2007-04-23

Reino (des)Unido-I

Nacionalismos na Europa
A questão dos nacionalismos na Europa é uma questão tão interessante quanto preocupante. Séculos de conflitos onde territórios fizeram parte de uns e de outros, criaram nalguns locais sentimentos eternos de inferiorização, de submissão, noutros de assimilação e integração ímpares. Vejamos, no lado ocidental da Europa, os que, sendo territórios de afirmação diferenciadora cultural e linguisticamente, possuem relativa autonomia, mas cujas ambições nacionalistas podem pôr em causa o Estado onde actualmente se integram: Espanha (Galiza, País Basco e Catalunha), França (País Basco) e Bélgica (Flandres).

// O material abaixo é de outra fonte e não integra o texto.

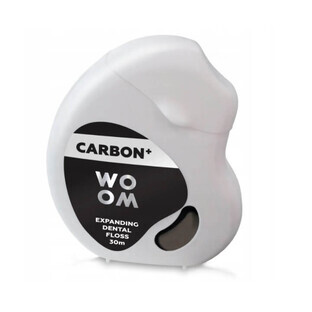 Woom Carbon+ Expanding Floss with Activated Carbon 30m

Agora no Reino Unido novos focos de sentimento e desejo independentista existem. O ímpeto nacionalista da Escócia e Gales tentam romper as amarras da União, particularmente com as eleições regionais do próximo dia 3 de Maio - dois dias depois de se completar exactamente 300 anos depois da constituição do Reino Unido, cuja designação oficial e completa é The United Kingdom of Great Britain and Northern Ireland, Estas eleições podem, em cenários diferentes, ter consequências políticas para o Governo de Tony Blair e até mesmo para a entidade Reino Unido enquanto Estado. Nos próximos textos analisarei os diversos contextos e aspectos de como correntes nacionalistas podem pôr em causa a unidade do país.



Saint George's Day
A curiosidade do Estado Britânico é que, enquanto uma união de nações, é somente na Escócia e em Gales que o sentimento nacionalista é mais forte. Durante séculos a hegemonia inglesa sobre os outros povos da ilha roçou a arrogância e a sobranceria, mas agora não existe de facto um verdadeiro sentimento nacional inglês - excepto quando toca os conjuntos nacionais desportivos. De tal forma que hoje mesmo, 23 de Abril, é o Dia de São Jorge, santo patrono de tantos países e cidades mas que, venerado em Inglaterra como símbolo nacional (a bandeira de Inglaterra com a cruz vermelha sobre fundo branco é a St George's Cross), seja pela figura histórica, seja pelo mito da luta vitoriosa contra o dragão, não é afinal um feriado nacional. E muito se tem discutido estes dias esta questão e para torná-lo um feriado, ainda para mais quando é também o aniversário da morte de William Shakespeare, o mais famoso dramaturgo inglês reforçando a objectividade e a celebração da identidade nacional inglesa. Tem-se colocado diversas questões sobre como afirmar a nacionalidade, tal como os escoceses (St Andrew) e os irlandeses (St Patrick) com dias festivos e feriados nacionais. Creio que a questão da identidade inglesa se perdeu enquanto razão de ser a partir do momento em que a Inglaterra liderou o novo Estado, onde todos se tornaram britânicos. Ao longo do tempo e com os novos valores de tolerância e coexistência das últimas décadas, como em Portugal em afastamento da chaga salazarista, construi-se uma certa aversão ao nacionalismo, uma vergonha de quase existir com medo de provocar sentimentos negativos historicamente e xenófobos actualmente, indo até ao receio de que tal afirmação possa, também ela, pôr em causa a união. O que não significa que não haja uma percentagem que se supõe superior a escoceses e irlandeses, o que advém dessas mesmas contingências históricas e políticas.
Acontece que mesmo politicamente não tem existido qualquer partido nacionalista inglês, como vemos na Escócia ou em Gales. O British National Party, extrema direita xenófoba, defende a identidade britânica e o UKIP (United Kingdom Independent Party) defende a saída da União Europeia. Mas, ressurgido do anterior English National Party, afirma-se o English Democrats Party, cujos objectivos não são os mesmos de uma normal formação partidária nacionalista. Defendem que a Inglaterra deva ter os mesmos direitos e instituições como a Escócia e Gales, ou seja, o reconhecimento enquanto nação, e um Executivo e Parlamento próprios eleitos pelo povo, sempre na refundação dos princípios democráticos e do Reino Unido. É a questão da Devolution Act que abriu o precedente e o interesse renovado em que os ingleses possam governar-se a si próprios em iguais circunstâncias aos seus parceiros da União, pois afinal é o governo do Reino Unido que tutela a Inglaterra, através de nove territórios administrativos.